> _Your objective_: Retype exactly the lines below, starting with the line that contains "Joyful black young-adult" and ending with the last line; leave out any pictures.

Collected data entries
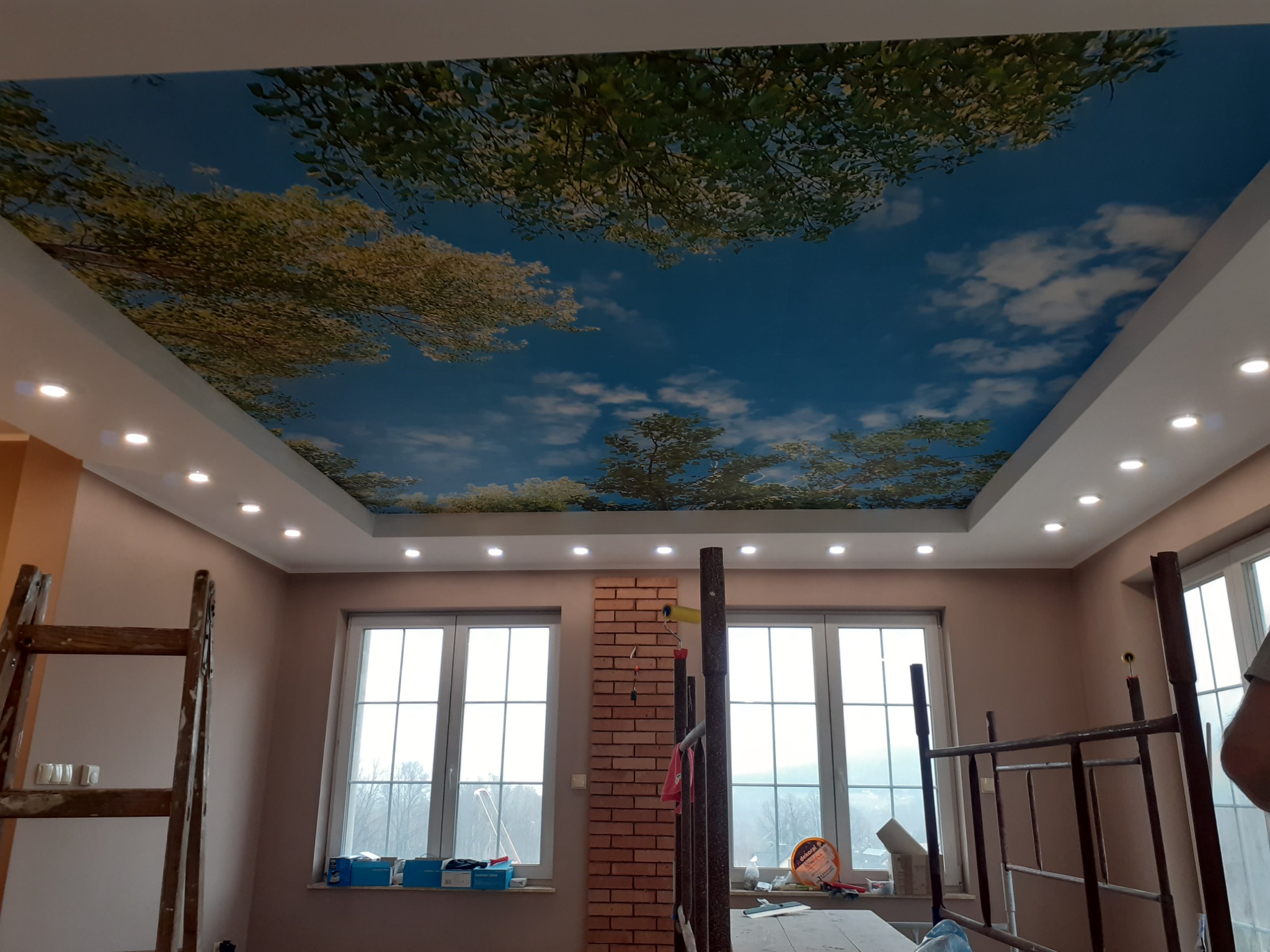 Pokój z zamontowanym sufitem napinanym z motywem nieba i drzew, widoczne drabiny i narzędzia malarskie.
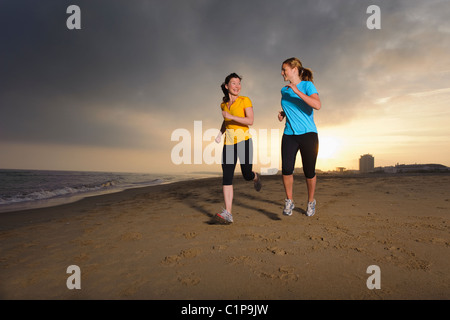 Les femmes jogging on beach Banque D'Images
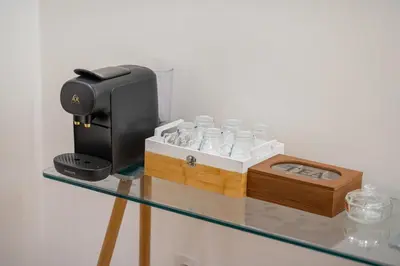 a glass table with a coffee maker and glasses on it at VISTA HOLIDAYS ctm in Marrakech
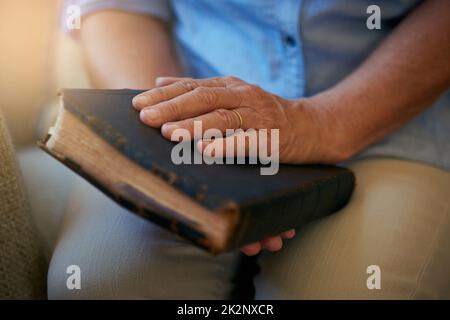 Hierin liegt alle Hoffnung, die Sie brauchen. Nahaufnahme einer älteren Frau, die zu Hause eine Bibel hält. Stockfoto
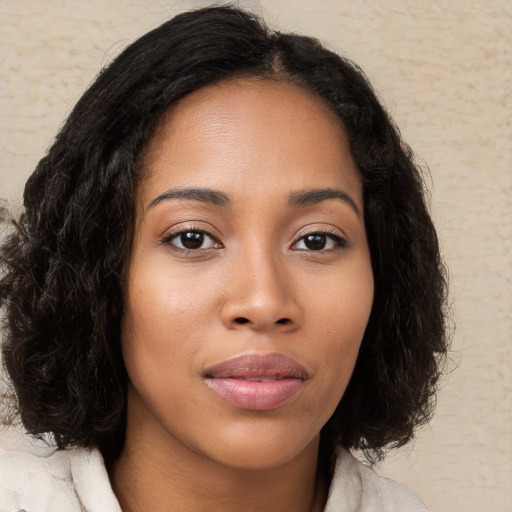 Joyful black young-adult female with medium  brown hair and brown eyes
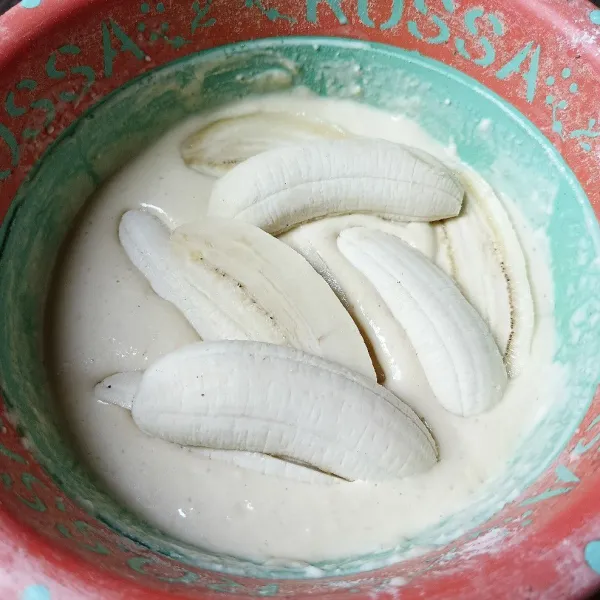 Kupas pisang dan belah dua, lalu celupkan ke dalam adonan tepung.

> _Written reply_:
 Joyful black young-adult female with medium  brown hair and brown eyes
 Kupas pisang dan belah dua, lalu celupkan ke dalam adonan tepung.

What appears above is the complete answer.